In [26]:
from copy import deepcopy
import numpy as np 
from sklearn.datasets import make_classification

from templates import AutoDiffFunction, Layer, Loss, Optimizer

Defining the activation functions

In [27]:
class Sigmoid(AutoDiffFunction):
    def __init__(self) -> None:
        super().__init__()

    def forward(self, x):
        self.saved_for_backward = 1/(1 + np.exp(-x))
        return self.saved_for_backward

    def compute_grad(self, x):
        y = self.saved_for_backward

        return {"x": y*(1-y)}

    def backward(self, dy):
        return dy * self.grad["x"]      


class RelU(AutoDiffFunction):
    def __init__(self) -> None:
        super().__init__()

    def forward(self, x):
        self.saved_for_backward = np.where(x>0.0, 1.0, 0.0)

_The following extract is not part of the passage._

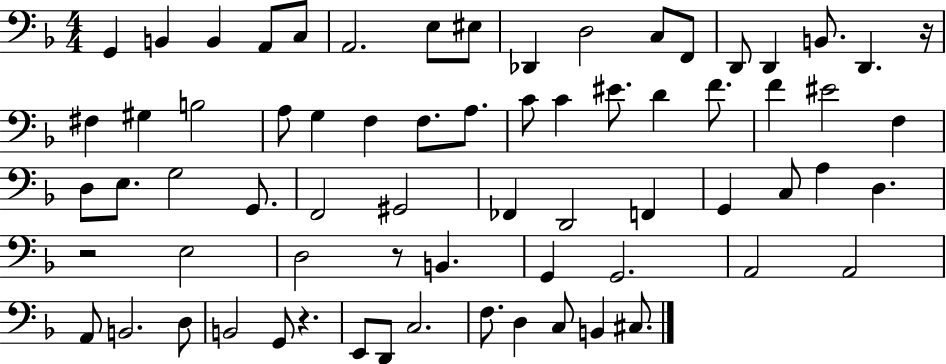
G2/q B2/q B2/q A2/e C3/e A2/h. E3/e EIS3/e Db2/q D3/h C3/e F2/e D2/e D2/q B2/e. D2/q. R/s F#3/q G#3/q B3/h A3/e G3/q F3/q F3/e. A3/e. C4/e C4/q EIS4/e. D4/q F4/e. F4/q EIS4/h F3/q D3/e E3/e. G3/h G2/e. F2/h G#2/h FES2/q D2/h F2/q G2/q C3/e A3/q D3/q. R/h E3/h D3/h R/e B2/q. G2/q G2/h. A2/h A2/h A2/e B2/h. D3/e B2/h G2/e R/q. E2/e D2/e C3/h. F3/e. D3/q C3/e B2/q C#3/e.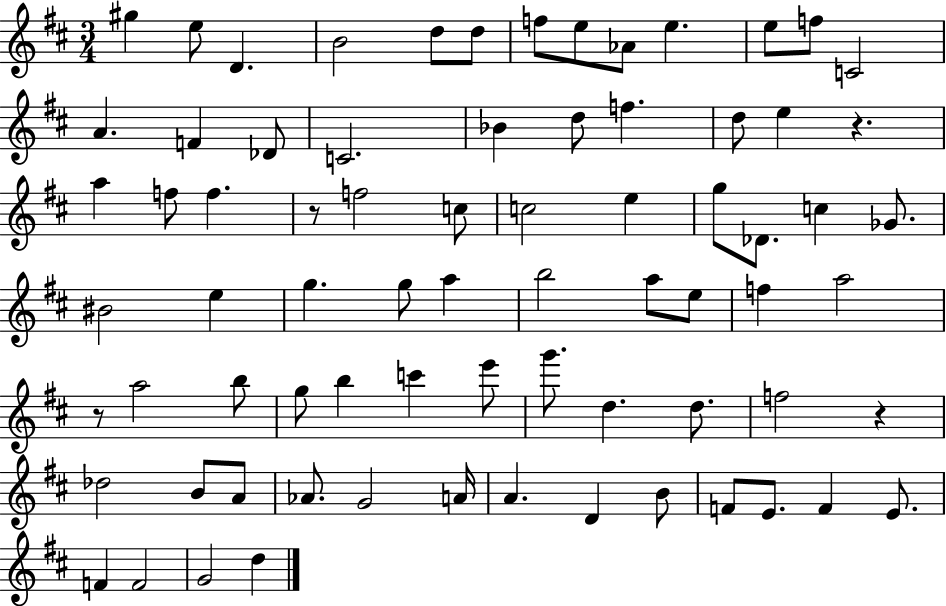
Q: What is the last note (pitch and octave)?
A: D5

        return x * self.saved_for_backward

    def compute_grad(self, x):
        return {"x": self.saved_for_backward}

    def backward(self, dy):
        return dy * self.grad["x"]
     

Defining the layers

In [37]:
class FC(Layer):
    def __init__(self, in_dim, out_dim) -> None:
        super().__init__()
        self.initialize_weights(in_dim, out_dim)

    def initialize_weights(self, in_dim, out_dim):
        
        self.weights["w"] = np.random.randn(in_dim, out_dim)
        self.weights["b"] = np.random.randn(1, out_dim)

    def compute_grad(self, x):
        
        gradients = {}

        # y = x * w + b        
        # we compute gradients wrt w and x 
        # gradient wrt b is not required explicitly since we know that it's value is 1
        gradients["w"] = self.saved_for_backward["x"].T
        gradients["x"] = self.weights["w"].T

        return gradients


    def forward(self, x):
        
        output = x @ self.weights["w"] + self.weights["b"]
        self.saved_for_backward["x"] = x
        
        return output

    def backward(self, dy):
        #print(dy.shape)
        #print(self.grad["x"].shape)
        #print(self.grad["w"].shape)
        
        dx = dy @ self.grad["x"]
        
        # calculating gradients wrt weights
        dw = self.grad["w"] @ dy
        db = np.sum(dy, axis=0, keepdims=True)

        self.absolute_gradients = {"w": dw, "b": db}

        return dx

    def update_weights(self):
        self.optimizer.step(self)

Defining the loss function

For this particular problem, we require CrossEntropy Loss for classification

In [38]:
x = np.array([[0.94, 0.04, 0.02],[0.3, 0.64, 0.06]])

y = np.array([[1,0,0],[0,1,0]])

z = -y * np.log(x)
print(z)
z = np.sum(z, axis=1)
print(z)
print(np.mean(z))

[[ 0.0618754 -0.        -0.       ]
 [-0.         0.4462871 -0.       ]]
[0.0618754 0.4462871]
0.2540812531732535


In [39]:
class CrossEntropyLossFromLogits(Loss):

    @staticmethod
    def softmax(x):
        v = np.exp(x)

        return v / np.sum(v, axis=1, keepdims=True)

    @staticmethod
    def encode(y): 
        d = len(np.unique(y))
        encoded_y = np.zeros(shape=(len(y), d))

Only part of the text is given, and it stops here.